§ Exercise details
Of all the entries below, only the lines from the one with "Bluetooth-гарнітура Xiaomi Redmi" up to and including the one with "پدال آکایی AKAI EXP PEDAL" are to be duplicated exactly.

§ Records for the task
****************************************
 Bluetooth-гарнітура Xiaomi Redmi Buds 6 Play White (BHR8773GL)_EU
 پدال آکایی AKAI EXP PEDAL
****************************************
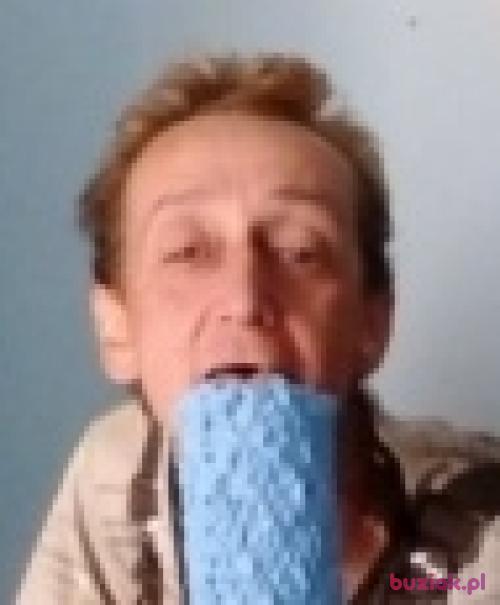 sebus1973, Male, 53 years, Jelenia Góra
****************************************
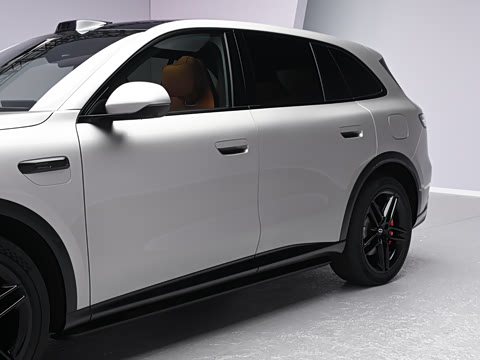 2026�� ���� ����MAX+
****************************************
§ Response
 Bluetooth-гарнітура Xiaomi Redmi Buds 6 Play White (BHR8773GL)_EU
 پدال آکایی AKAI EXP PEDAL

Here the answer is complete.